■ EXERCISE PROMPT
The response should contain only the line with "2023 Toyota Venza XLE" and every line after it to the end of the listing below, duplicated exactly; no picture belongs in it.

■ RECORDED INFORMATION

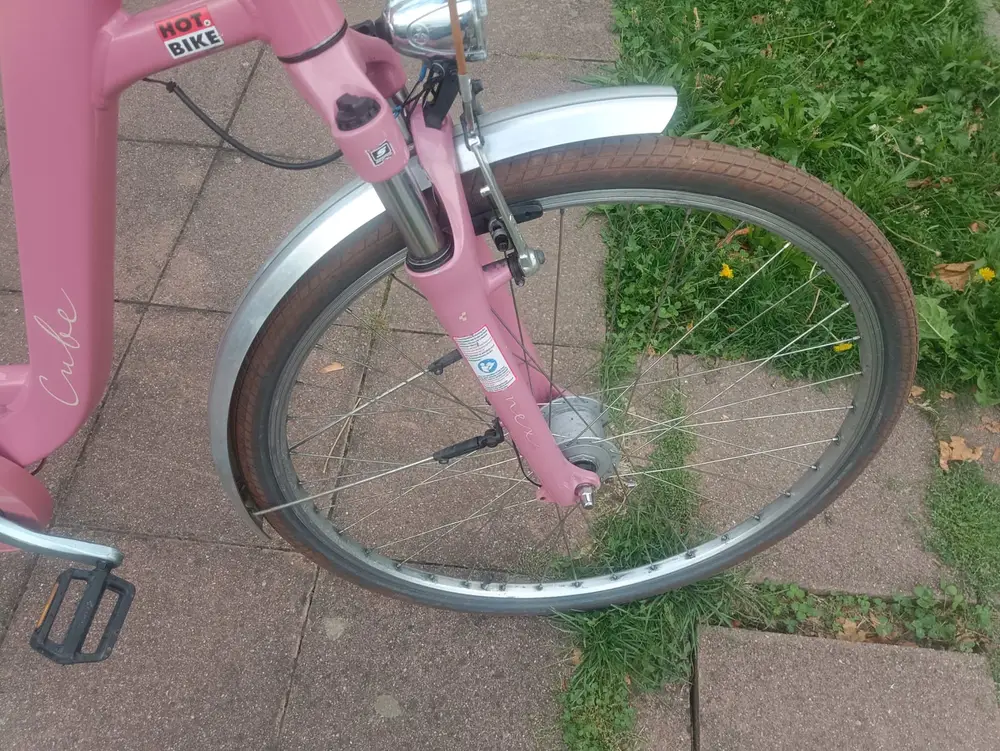 A5 - 28 Zoll Cube Fahrrad. 8 Gänge. 53 Site. Nabendynamo – 4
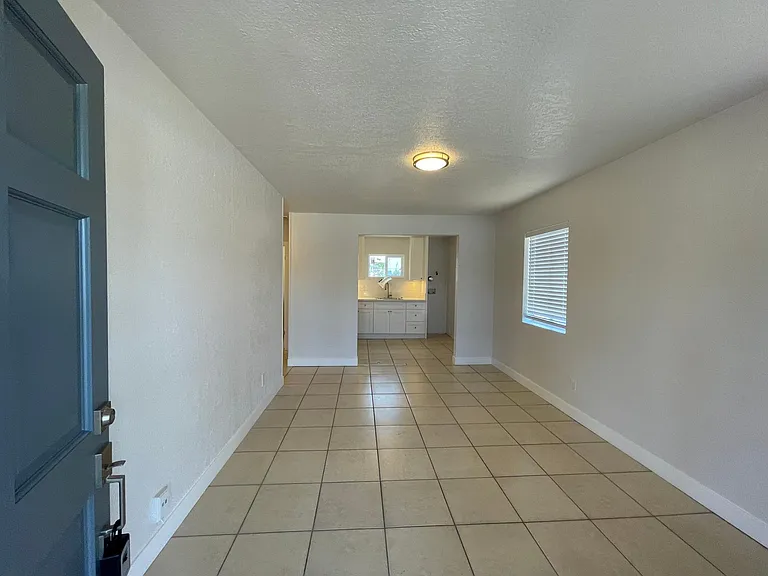 2771 Logan Ave — Photo 4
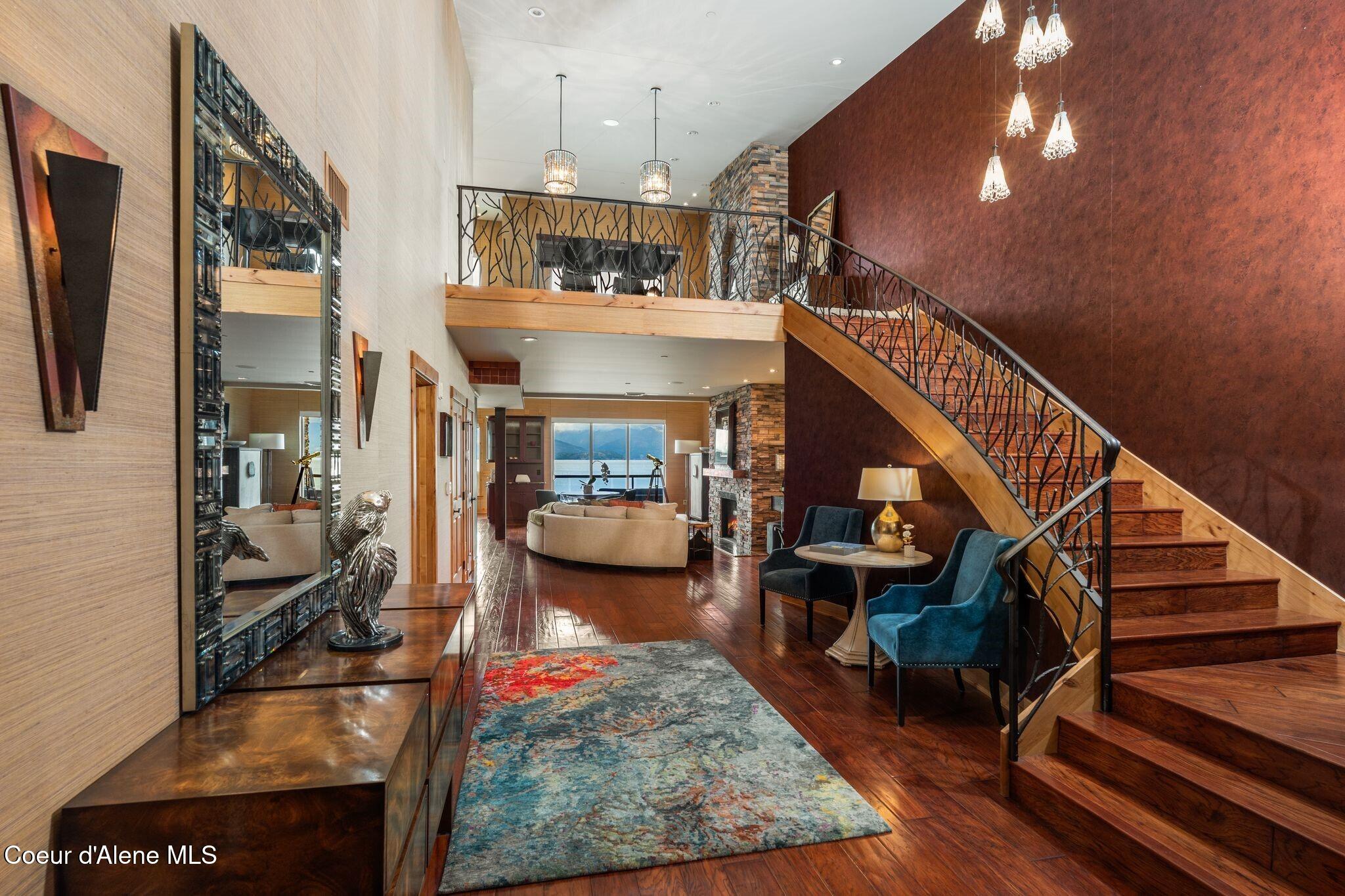 412 Sandpoint Avenue, Unit 334/335 Sandpoint, ID 83864 - Photo 7 of 71 Grand Entry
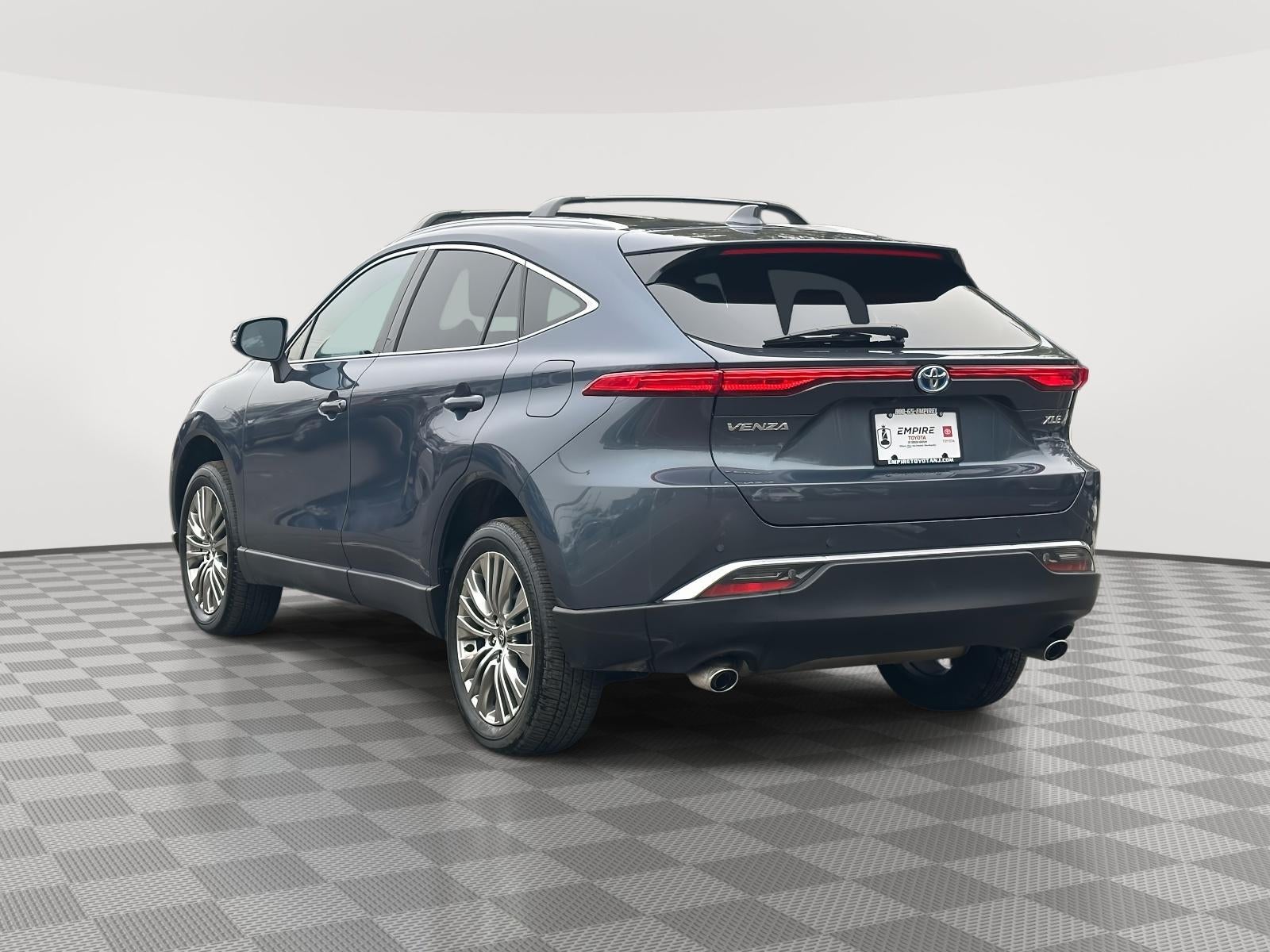 2023 Toyota Venza XLE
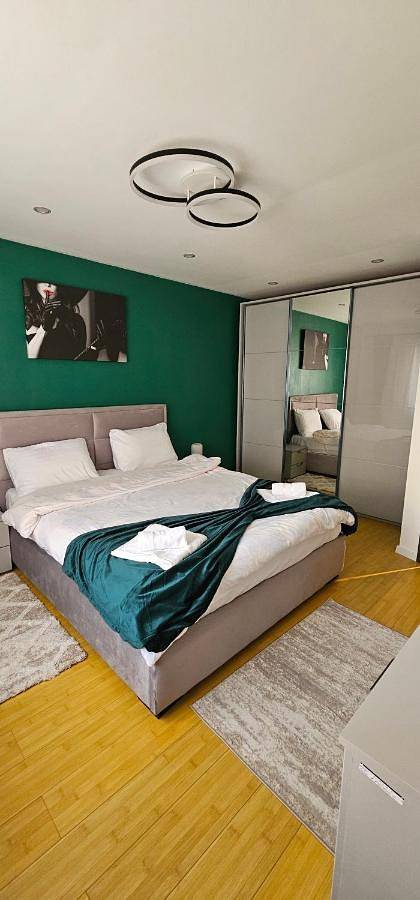 Gîte pour 4 personnes, avec balcon dans Poiana Brasov - Brasov - 2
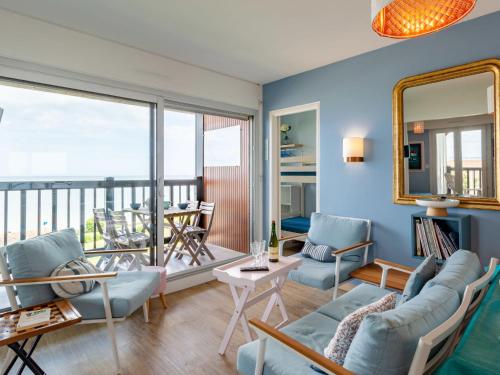 ein Wohnzimmer mit Meerblick in der Unterkunft Apartment La Bizontine by Interhome in Cabourg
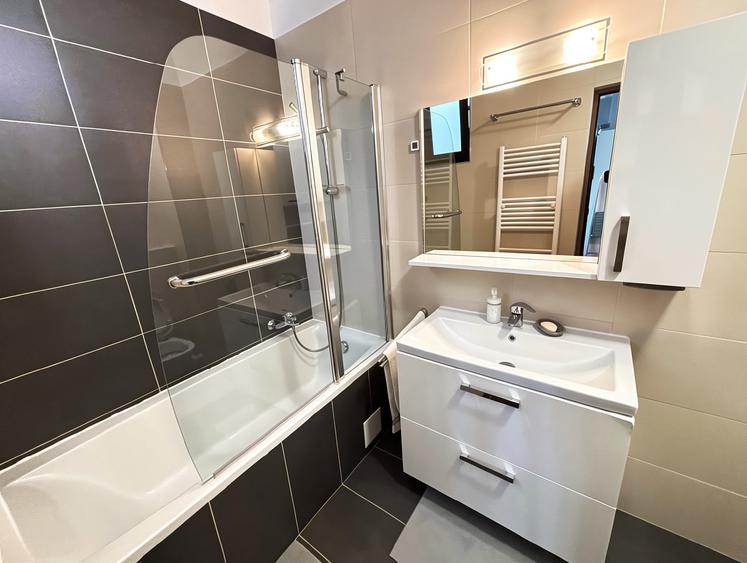 Apartament cu 2 camere decomandat în Unirii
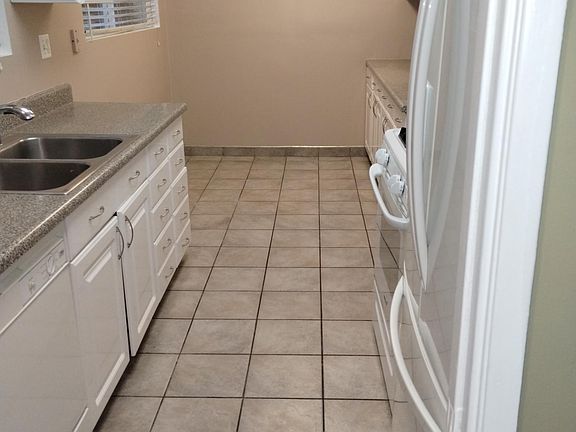 2nd image of 6227 Morse Ave APT 106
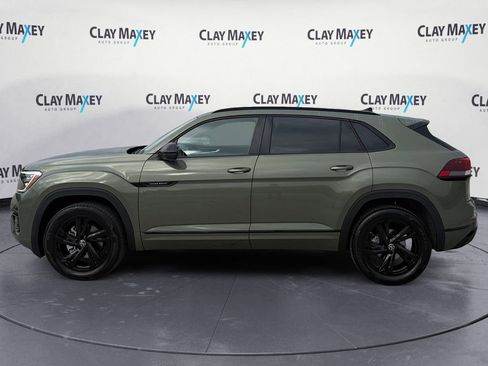 Used 2026 Volkswagen Atlas Cross Sport SEL R-Line AWD/4WD image 2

■ RESULT OF THIS TASK
 2023 Toyota Venza XLE
 Gîte pour 4 personnes, avec balcon dans Poiana Brasov - Brasov - 2
 ein Wohnzimmer mit Meerblick in der Unterkunft Apartment La Bizontine by Interhome in Cabourg
 Apartament cu 2 camere decomandat în Unirii
 2nd image of 6227 Morse Ave APT 106
 Used 2026 Volkswagen Atlas Cross Sport SEL R-Line AWD/4WD image 2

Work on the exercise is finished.